▸ Source data
.....

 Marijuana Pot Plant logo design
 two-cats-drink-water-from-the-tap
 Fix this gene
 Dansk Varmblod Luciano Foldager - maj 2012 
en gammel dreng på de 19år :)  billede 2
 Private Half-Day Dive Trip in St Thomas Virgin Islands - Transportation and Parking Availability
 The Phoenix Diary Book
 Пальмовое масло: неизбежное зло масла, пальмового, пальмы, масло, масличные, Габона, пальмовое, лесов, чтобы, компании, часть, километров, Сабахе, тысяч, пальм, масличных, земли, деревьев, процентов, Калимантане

.....

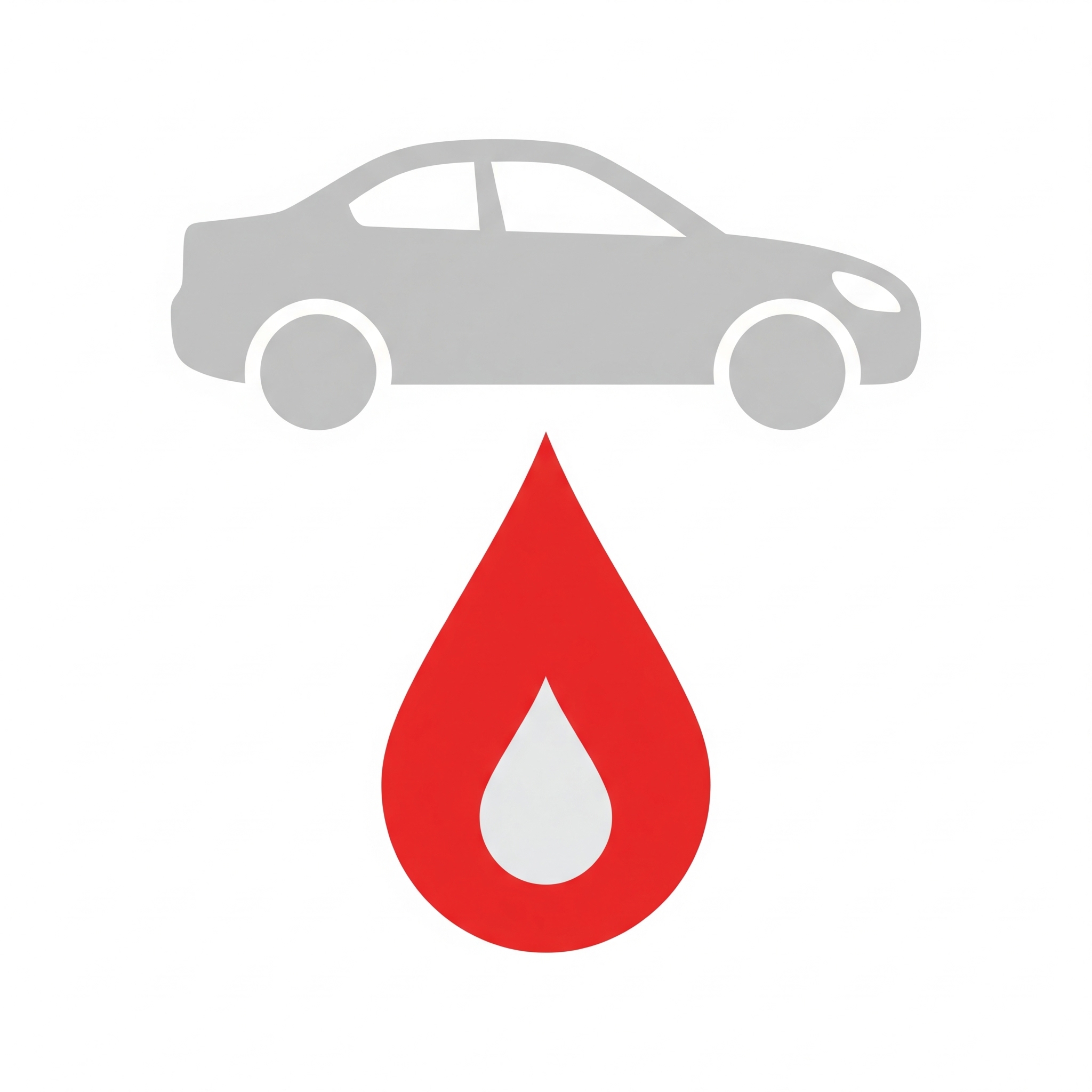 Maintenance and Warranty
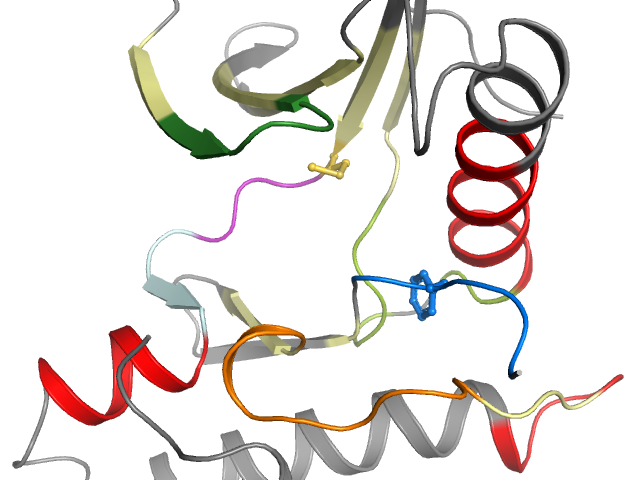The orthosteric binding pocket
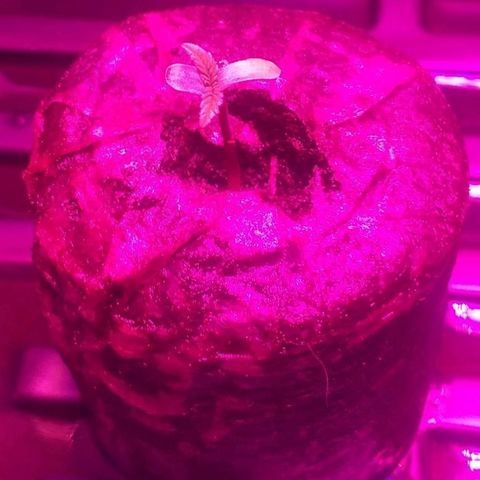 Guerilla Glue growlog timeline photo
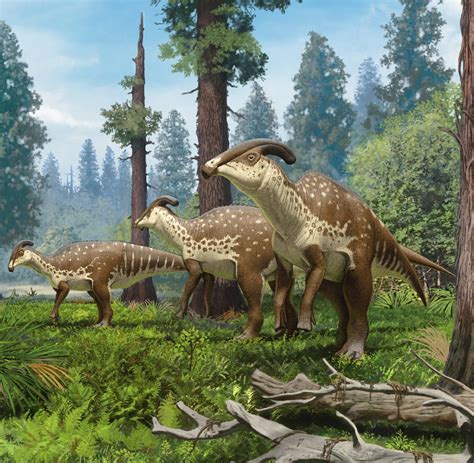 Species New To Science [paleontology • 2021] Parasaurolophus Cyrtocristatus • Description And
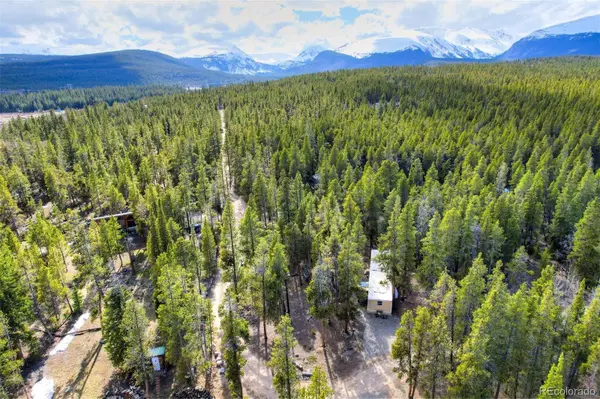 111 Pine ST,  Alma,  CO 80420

.....

▸ Work request
Each line in the entries above, starting at the line with "Dansk Varmblod Luciano Foldager - maj 2012" and ending at the line with "Пальмовое масло: неизбежное", is to be printed exactly, and only those lines.

▸ Written reply
 Dansk Varmblod Luciano Foldager - maj 2012 
en gammel dreng på de 19år :)  billede 2
 Private Half-Day Dive Trip in St Thomas Virgin Islands - Transportation and Parking Availability
 The Phoenix Diary Book
 Пальмовое масло: неизбежное зло масла, пальмового, пальмы, масло, масличные, Габона, пальмовое, лесов, чтобы, компании, часть, километров, Сабахе, тысяч, пальм, масличных, земли, деревьев, процентов, Калимантане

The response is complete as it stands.